Due Diligence Issues in M&A

By Sonakshi Das, School of Law- KIIT University

Editor’s Note: This paper discusses the need for a due diligence in M&A. In today’s business world, the concepts of due diligence and corporate governance are of increasing importance. Due Diligence is not mandatory, however SEBI mandates certain parties to undertake a due diligence, in the context of issuance of securities by a company. The author argues that due diligence is a very essential procedure for a corporation and when suitably conducted, it attaches a high degree of fairness to the whole transaction and this also leads to a significant reduction in the risks associated with a cross-border acquisition of a foreign companyThis paper further goes on to elaborate on the issues that are generally faced during Mergers and Acquisitions.

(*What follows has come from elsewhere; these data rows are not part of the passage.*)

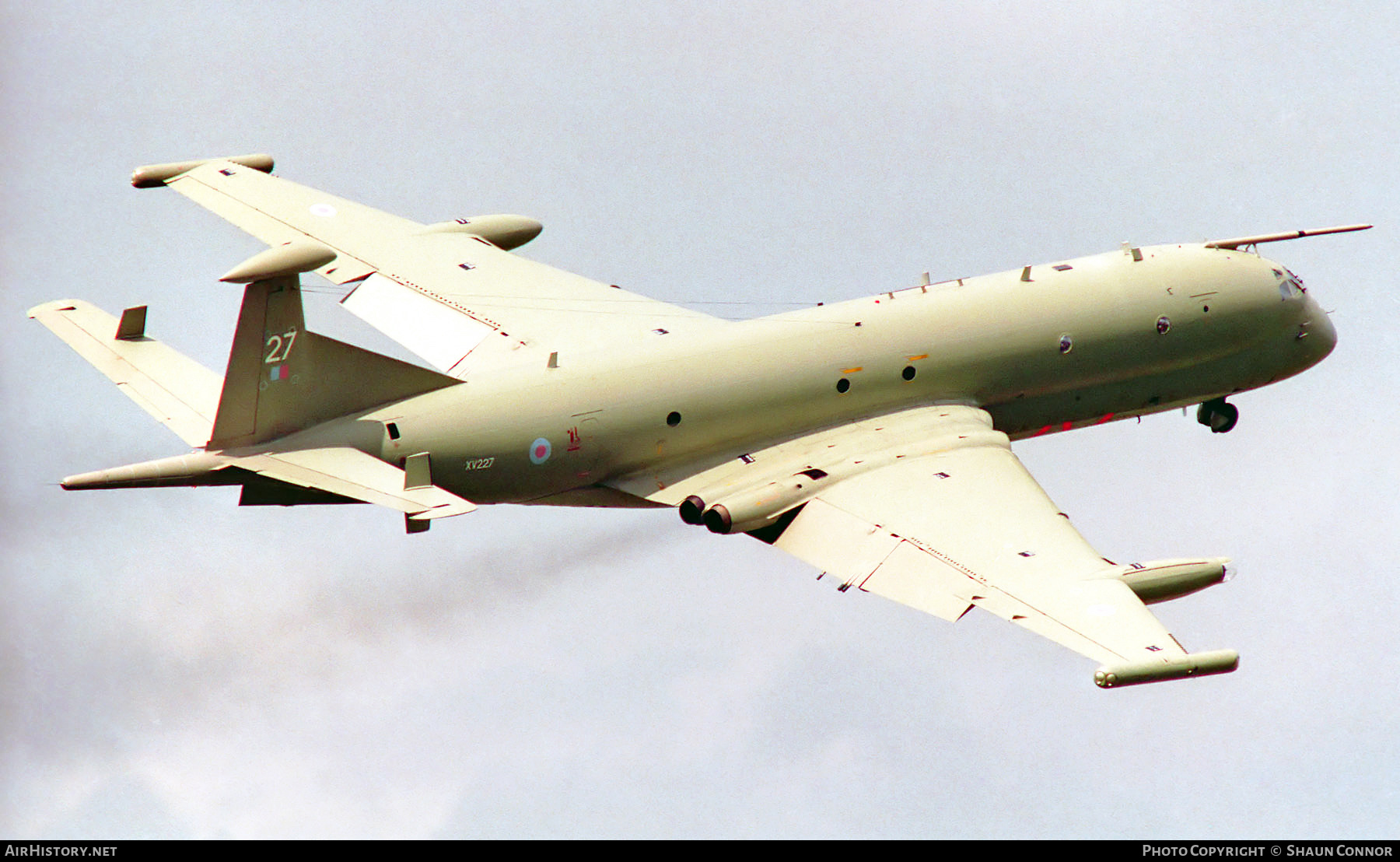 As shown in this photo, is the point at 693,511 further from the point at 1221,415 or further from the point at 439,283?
the point at 1221,415

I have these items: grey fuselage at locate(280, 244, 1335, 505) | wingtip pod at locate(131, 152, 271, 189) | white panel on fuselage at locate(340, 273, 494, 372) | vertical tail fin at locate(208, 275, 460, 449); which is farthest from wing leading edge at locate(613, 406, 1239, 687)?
wingtip pod at locate(131, 152, 271, 189)

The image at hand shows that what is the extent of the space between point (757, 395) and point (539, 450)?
4.29m

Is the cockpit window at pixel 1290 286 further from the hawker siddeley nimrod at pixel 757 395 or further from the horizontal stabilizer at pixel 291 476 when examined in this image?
the horizontal stabilizer at pixel 291 476

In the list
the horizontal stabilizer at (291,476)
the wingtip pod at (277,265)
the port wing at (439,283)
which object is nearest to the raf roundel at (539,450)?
the port wing at (439,283)

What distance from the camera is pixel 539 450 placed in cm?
3978

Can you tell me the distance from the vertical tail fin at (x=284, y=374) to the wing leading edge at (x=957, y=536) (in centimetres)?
574

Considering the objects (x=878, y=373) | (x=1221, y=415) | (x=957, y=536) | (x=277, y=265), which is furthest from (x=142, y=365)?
(x=1221, y=415)

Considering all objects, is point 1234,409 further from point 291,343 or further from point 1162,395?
point 291,343

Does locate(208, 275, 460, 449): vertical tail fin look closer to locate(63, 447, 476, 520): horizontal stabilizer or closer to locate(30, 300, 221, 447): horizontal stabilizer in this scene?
locate(63, 447, 476, 520): horizontal stabilizer

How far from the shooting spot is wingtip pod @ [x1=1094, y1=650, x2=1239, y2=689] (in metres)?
34.2

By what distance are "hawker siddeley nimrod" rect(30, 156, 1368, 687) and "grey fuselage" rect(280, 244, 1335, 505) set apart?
0.17ft

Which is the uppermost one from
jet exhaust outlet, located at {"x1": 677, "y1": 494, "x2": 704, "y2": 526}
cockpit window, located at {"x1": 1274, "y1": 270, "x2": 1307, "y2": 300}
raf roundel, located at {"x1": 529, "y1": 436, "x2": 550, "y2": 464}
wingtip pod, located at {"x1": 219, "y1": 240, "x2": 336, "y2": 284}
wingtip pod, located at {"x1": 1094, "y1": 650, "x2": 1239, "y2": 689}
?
cockpit window, located at {"x1": 1274, "y1": 270, "x2": 1307, "y2": 300}

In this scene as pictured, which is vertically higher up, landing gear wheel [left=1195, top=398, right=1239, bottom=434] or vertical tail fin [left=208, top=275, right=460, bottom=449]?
landing gear wheel [left=1195, top=398, right=1239, bottom=434]

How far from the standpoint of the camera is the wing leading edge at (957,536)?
3569 cm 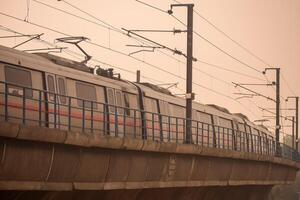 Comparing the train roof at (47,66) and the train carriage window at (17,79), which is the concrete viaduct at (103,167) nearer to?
the train carriage window at (17,79)

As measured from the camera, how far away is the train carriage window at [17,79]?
21.2 meters

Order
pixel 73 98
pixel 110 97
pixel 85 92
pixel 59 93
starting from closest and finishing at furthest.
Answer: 1. pixel 73 98
2. pixel 59 93
3. pixel 85 92
4. pixel 110 97

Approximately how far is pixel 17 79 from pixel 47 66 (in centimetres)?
183

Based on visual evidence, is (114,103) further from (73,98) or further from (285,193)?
(285,193)

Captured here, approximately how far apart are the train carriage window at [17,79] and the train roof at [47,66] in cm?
21

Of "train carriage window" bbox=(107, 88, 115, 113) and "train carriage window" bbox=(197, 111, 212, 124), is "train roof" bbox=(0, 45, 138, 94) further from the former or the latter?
"train carriage window" bbox=(197, 111, 212, 124)

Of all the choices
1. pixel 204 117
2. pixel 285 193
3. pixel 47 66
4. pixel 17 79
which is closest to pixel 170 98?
pixel 204 117

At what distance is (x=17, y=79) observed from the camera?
2159 cm

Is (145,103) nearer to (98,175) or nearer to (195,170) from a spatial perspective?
(195,170)

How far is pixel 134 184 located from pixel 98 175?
9.22 ft

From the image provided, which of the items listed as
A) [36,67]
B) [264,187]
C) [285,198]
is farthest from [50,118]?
[285,198]

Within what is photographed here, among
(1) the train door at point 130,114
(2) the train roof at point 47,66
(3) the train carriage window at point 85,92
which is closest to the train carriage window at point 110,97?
(2) the train roof at point 47,66

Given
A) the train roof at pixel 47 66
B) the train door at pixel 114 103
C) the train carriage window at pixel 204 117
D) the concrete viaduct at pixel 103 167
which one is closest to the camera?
the concrete viaduct at pixel 103 167

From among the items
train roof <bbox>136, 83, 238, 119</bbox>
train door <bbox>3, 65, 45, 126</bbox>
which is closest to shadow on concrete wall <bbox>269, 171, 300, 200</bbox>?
Result: train roof <bbox>136, 83, 238, 119</bbox> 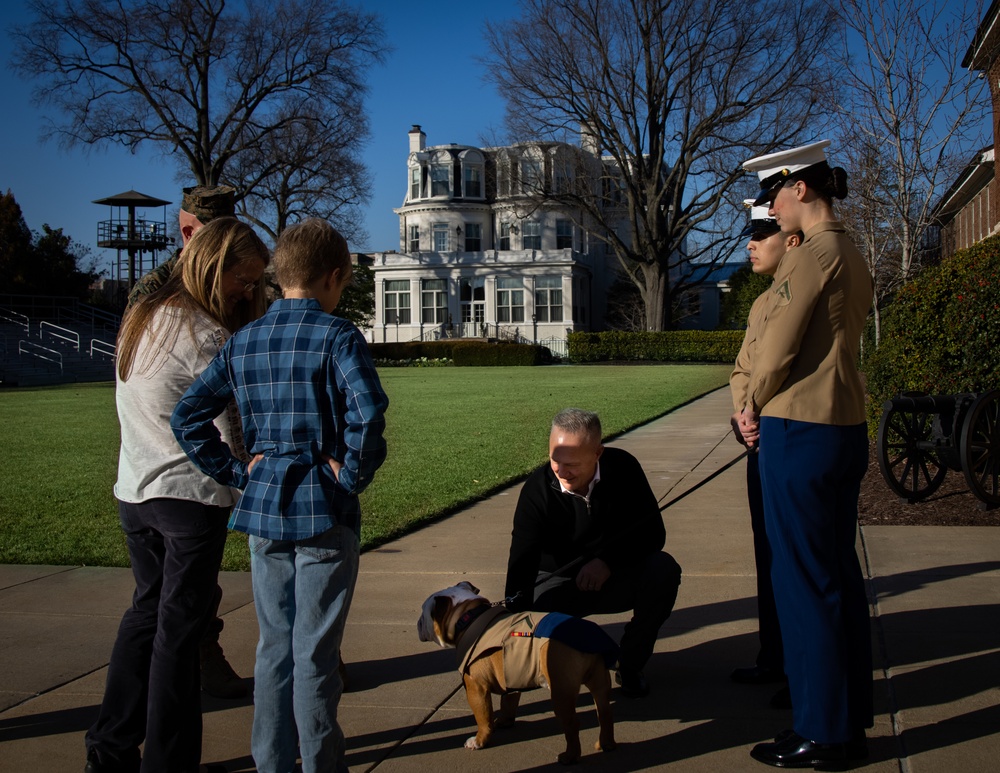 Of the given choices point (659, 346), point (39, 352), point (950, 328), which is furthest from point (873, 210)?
point (39, 352)

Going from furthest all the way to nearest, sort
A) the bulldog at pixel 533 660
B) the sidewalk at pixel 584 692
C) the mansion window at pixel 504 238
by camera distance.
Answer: the mansion window at pixel 504 238 → the sidewalk at pixel 584 692 → the bulldog at pixel 533 660

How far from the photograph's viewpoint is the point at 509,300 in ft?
181

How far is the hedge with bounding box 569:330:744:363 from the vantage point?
4316 cm

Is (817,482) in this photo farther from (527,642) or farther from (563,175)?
(563,175)

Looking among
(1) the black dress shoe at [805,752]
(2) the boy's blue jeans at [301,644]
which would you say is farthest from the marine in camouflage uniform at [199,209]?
(1) the black dress shoe at [805,752]

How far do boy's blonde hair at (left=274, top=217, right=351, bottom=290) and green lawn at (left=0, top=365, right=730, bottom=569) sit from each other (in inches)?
150

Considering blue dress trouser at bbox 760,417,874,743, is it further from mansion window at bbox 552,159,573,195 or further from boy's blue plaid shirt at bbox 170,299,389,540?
mansion window at bbox 552,159,573,195

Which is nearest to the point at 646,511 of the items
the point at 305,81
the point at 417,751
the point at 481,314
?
the point at 417,751

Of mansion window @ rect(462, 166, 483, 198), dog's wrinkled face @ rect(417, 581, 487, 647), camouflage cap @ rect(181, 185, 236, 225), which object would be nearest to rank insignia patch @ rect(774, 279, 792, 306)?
dog's wrinkled face @ rect(417, 581, 487, 647)

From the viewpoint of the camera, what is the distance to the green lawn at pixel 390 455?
24.0 ft

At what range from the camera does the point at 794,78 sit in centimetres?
3778

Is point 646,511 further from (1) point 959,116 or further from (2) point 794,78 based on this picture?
(2) point 794,78

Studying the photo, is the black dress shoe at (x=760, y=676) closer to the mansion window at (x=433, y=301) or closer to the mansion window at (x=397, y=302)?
the mansion window at (x=433, y=301)

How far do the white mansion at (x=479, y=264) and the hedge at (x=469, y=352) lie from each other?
732 centimetres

SHOULD THERE BE DUE DILIGENCE AT ALL?- A NEED

To make most of the literal deliverance of the term, due diligence is an on-going, proactive and reactive process through which companies can ensure that they respect human rights and do not contribute to conflict[1]. Or so as to say, it is a process of thorough and objective examination that is undertaken before corporate entities enter into major transactions such as mergers and acquisitions, issuing new stock or other securities, project finance, securitization, etc[2]. One of the key objectives of due diligence is to minimize, to the maximum extent practicable, the possibility of there being unknown liabilities or risks. The exercise is multi-dimensional and involves investigation into the business, tax, financial, accounting and legal aspects of an issuer.

No statute defines the term ‘due diligence’. However, the SEBI[3] mandates certain parties to undertake a due diligence, in the context of issuance of securities by a company. Of the number of mandates that SEBI has regularized, one of them speaks of the BRLMs to exercise due diligence and satisfy themselves about all the aspects of the issue[4]. The BRLM is also required to call upon the issuer, its promoters or in case of an offer for sale, the selling shareholders, to fulfil their obligations as disclosed by them in the offer document[5].

The BRLM is required to submit post-issue reports to the SEBI[6], along with a due diligence certificate as per the format specified in Form G of Schedule VI, along with the final post-issue report.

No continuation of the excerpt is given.